Recall that without the shortcut road, the cost to each car was 32. By adding additional road capacity we have actually increased the cost to every driver!

This example provides a feel for the actual Braess's Paradox. Because of its obvious relation to data packets traveling on a network system, Braess's Paradox has been investigated heavily by researchers. You can informally summarize the paradox: it is sometimes possible to increase network congestion by increasing the number of routes between nodes. From a software testing point of view, Braess's Paradox can arise when running network performance tests. To be honest, the chances of you running into Braess's Paradox are very slim. But the phenomenon does exist and the moral is that you should not assume that adding capacity to a network will necessarily improve performance. If your add capacity and do not see the performance improvement you were expecting, Braess's Paradox is one of the things to investigate.

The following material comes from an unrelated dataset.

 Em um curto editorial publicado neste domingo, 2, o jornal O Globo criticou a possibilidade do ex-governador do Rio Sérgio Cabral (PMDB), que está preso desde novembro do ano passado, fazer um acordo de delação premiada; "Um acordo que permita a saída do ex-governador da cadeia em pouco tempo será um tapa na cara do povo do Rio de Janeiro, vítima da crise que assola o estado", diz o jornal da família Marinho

Essentially, Parrondo's Paradox states that two losing gambling games, let's call them Game A and Game B, can be set up so that when they are played one after the other, they become winning games. There are many ways to construct examples of Parrondo's Paradox, the simplest is to use three biased coins.

Game A is a simple coin-flipping game. You flip a coin and if the coin comes up heads, you win \$1. If the coin comes up tails, you lose \$1. Coin 1 is slightly biased so that it comes up heads with probability of p1 = 0.495 (and therefore tails has a probability of 1-p1 = 0.505). If you play this game over and over, you will steadily lose money over time. Game B is slightly more complicated, with two coins. The first coin in this game, Coin 2, has a probability of winning (heads) p2 = 0.095. This is a very bad coin. Coin 3, the second coin, has a probability of winning p3 = 0.745. This is a good coin.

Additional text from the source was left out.